▸ STUDY MATERIAL
########

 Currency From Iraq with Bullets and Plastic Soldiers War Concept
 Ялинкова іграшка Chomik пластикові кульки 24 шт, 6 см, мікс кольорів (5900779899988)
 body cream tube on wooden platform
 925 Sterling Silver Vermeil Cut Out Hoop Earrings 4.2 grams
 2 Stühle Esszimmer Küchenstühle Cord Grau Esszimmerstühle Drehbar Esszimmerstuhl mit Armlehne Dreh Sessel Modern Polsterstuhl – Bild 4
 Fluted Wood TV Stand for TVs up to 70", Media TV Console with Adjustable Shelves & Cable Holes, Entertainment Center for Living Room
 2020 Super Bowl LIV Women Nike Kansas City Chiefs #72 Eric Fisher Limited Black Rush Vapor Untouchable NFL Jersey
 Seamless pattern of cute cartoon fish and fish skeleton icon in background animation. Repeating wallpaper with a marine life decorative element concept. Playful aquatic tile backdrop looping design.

########

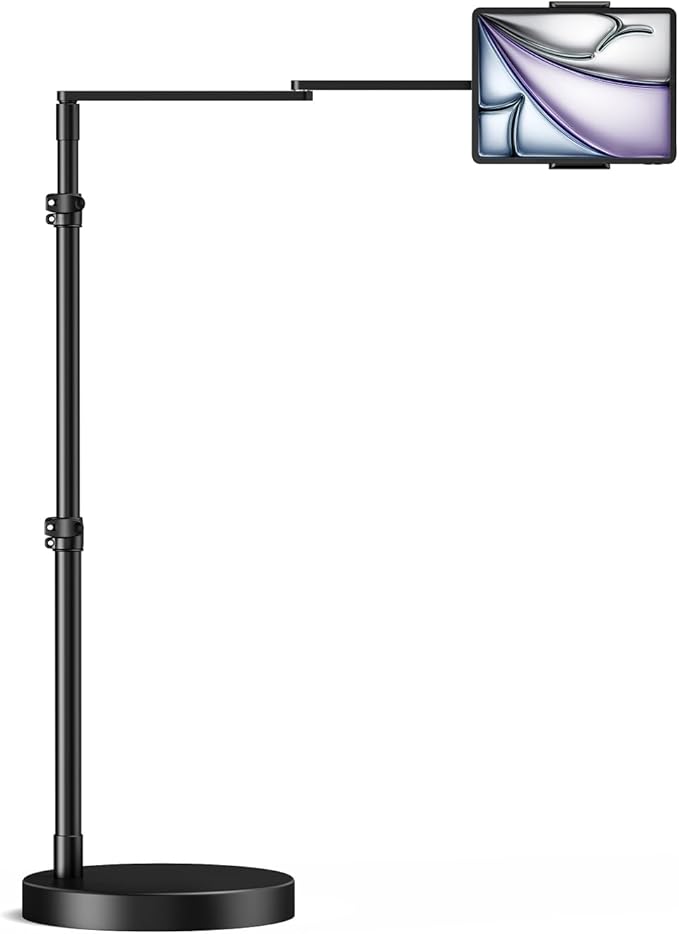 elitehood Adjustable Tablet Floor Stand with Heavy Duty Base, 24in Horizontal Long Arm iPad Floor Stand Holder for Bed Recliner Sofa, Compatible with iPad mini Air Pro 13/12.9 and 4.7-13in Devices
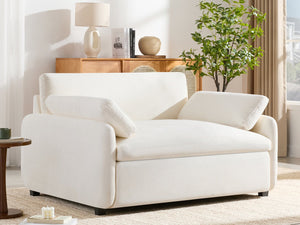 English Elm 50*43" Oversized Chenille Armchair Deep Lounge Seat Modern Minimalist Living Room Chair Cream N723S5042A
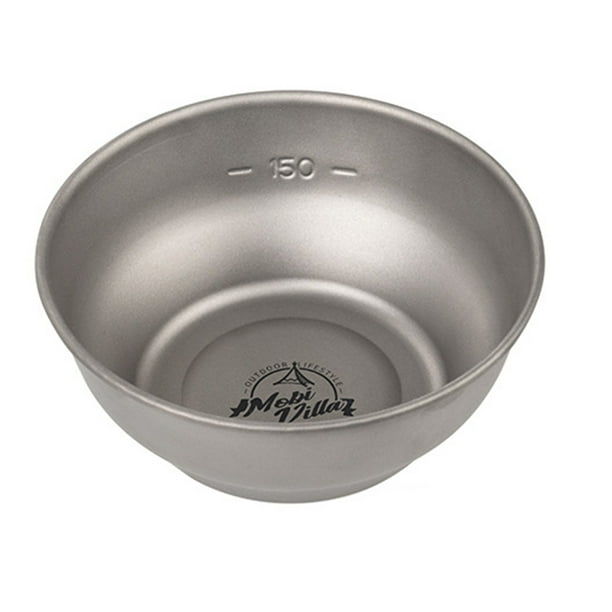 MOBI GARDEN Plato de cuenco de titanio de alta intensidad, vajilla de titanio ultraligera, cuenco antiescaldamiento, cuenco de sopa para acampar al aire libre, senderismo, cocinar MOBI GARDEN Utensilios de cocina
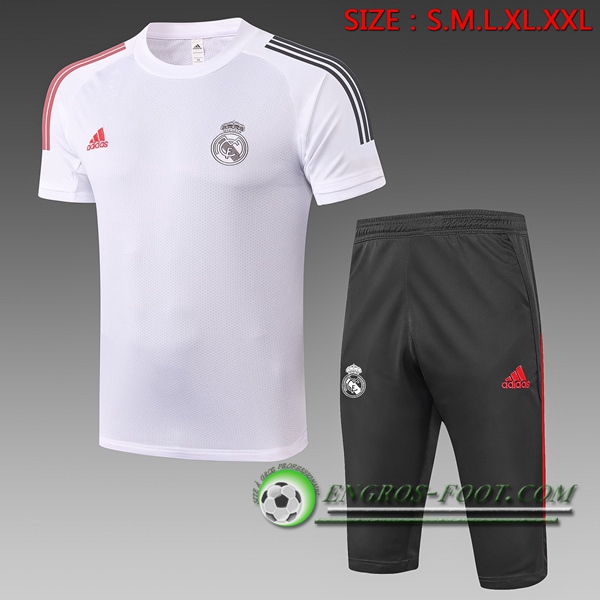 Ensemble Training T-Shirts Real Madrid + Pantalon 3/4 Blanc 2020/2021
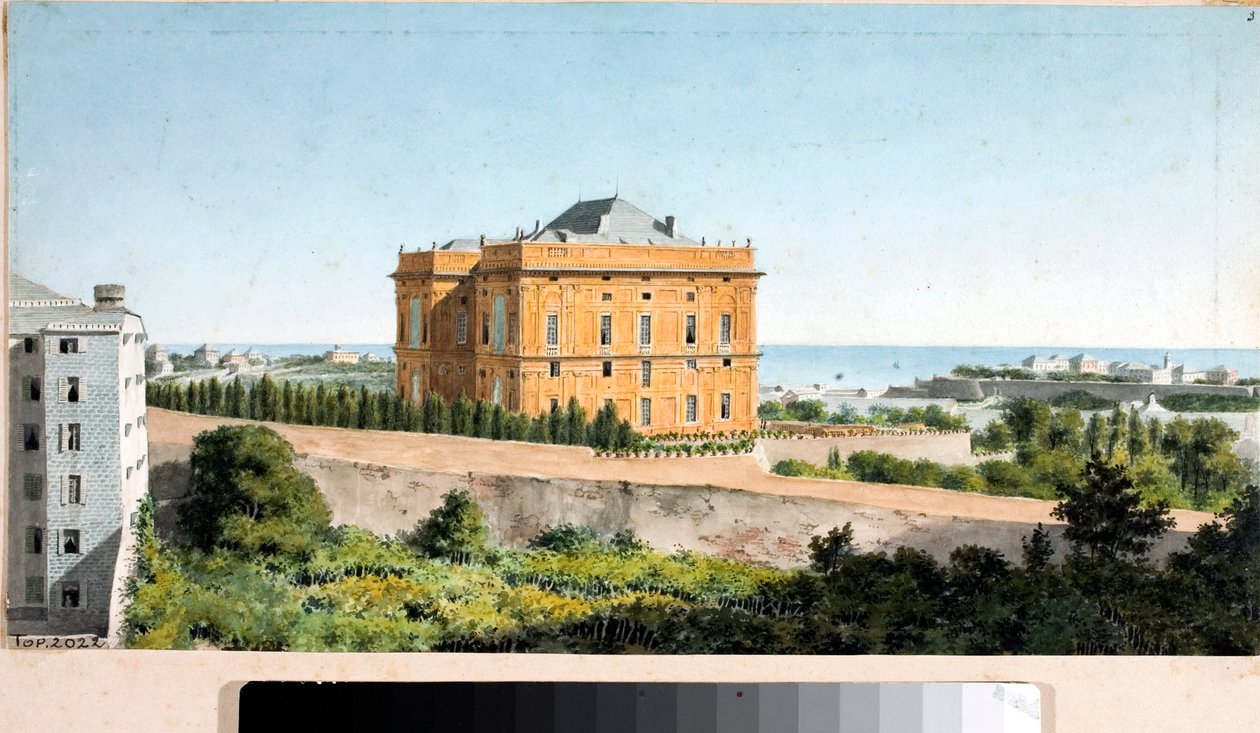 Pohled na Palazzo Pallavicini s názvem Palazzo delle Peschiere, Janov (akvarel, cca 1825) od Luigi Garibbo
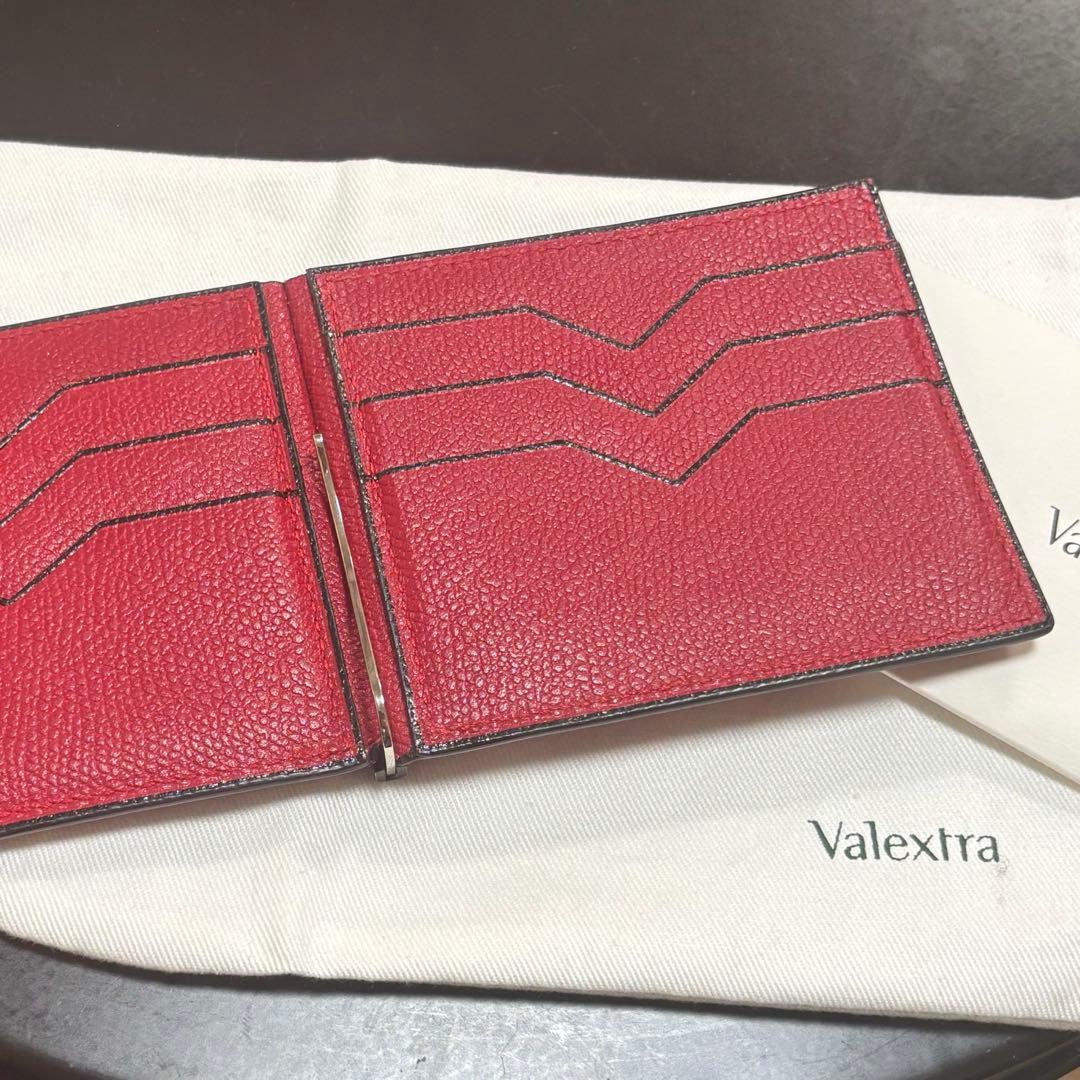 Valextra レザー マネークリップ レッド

########

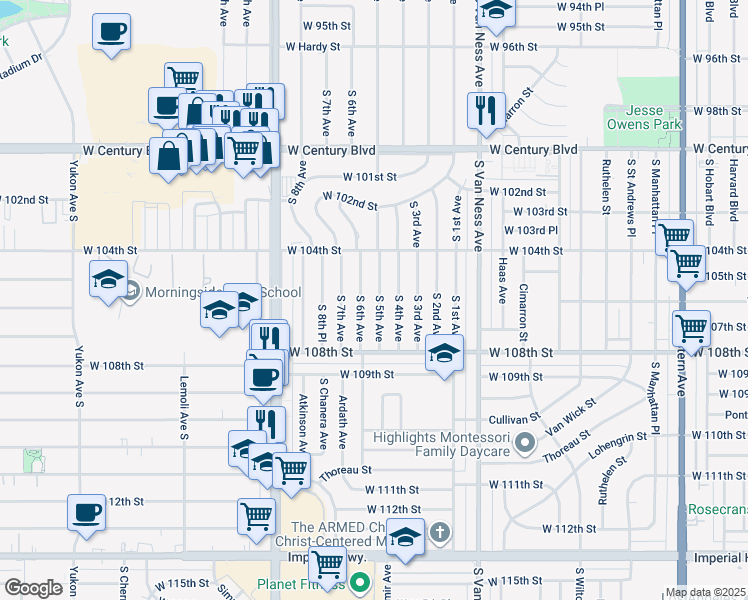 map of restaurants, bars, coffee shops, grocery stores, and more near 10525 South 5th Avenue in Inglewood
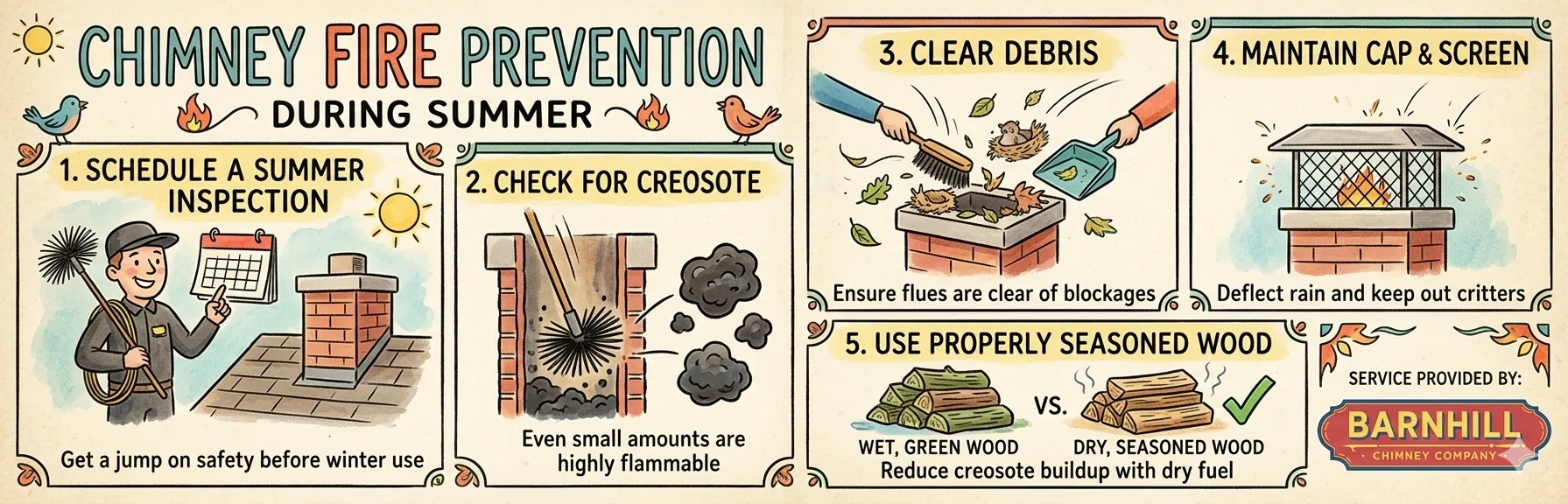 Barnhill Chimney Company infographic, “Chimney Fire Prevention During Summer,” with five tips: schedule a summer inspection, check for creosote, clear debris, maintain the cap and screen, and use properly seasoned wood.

########

▸ ASSIGNMENT
In the material above, find the line containing "2 Stühle Esszimmer" and the line containing "Seamless pattern of", then write out exactly those two lines and every line between them, and nothing more.

▸ YOUR RESPONSE
 2 Stühle Esszimmer Küchenstühle Cord Grau Esszimmerstühle Drehbar Esszimmerstuhl mit Armlehne Dreh Sessel Modern Polsterstuhl – Bild 4
 Fluted Wood TV Stand for TVs up to 70", Media TV Console with Adjustable Shelves & Cable Holes, Entertainment Center for Living Room
 2020 Super Bowl LIV Women Nike Kansas City Chiefs #72 Eric Fisher Limited Black Rush Vapor Untouchable NFL Jersey
 Seamless pattern of cute cartoon fish and fish skeleton icon in background animation. Repeating wallpaper with a marine life decorative element concept. Playful aquatic tile backdrop looping design.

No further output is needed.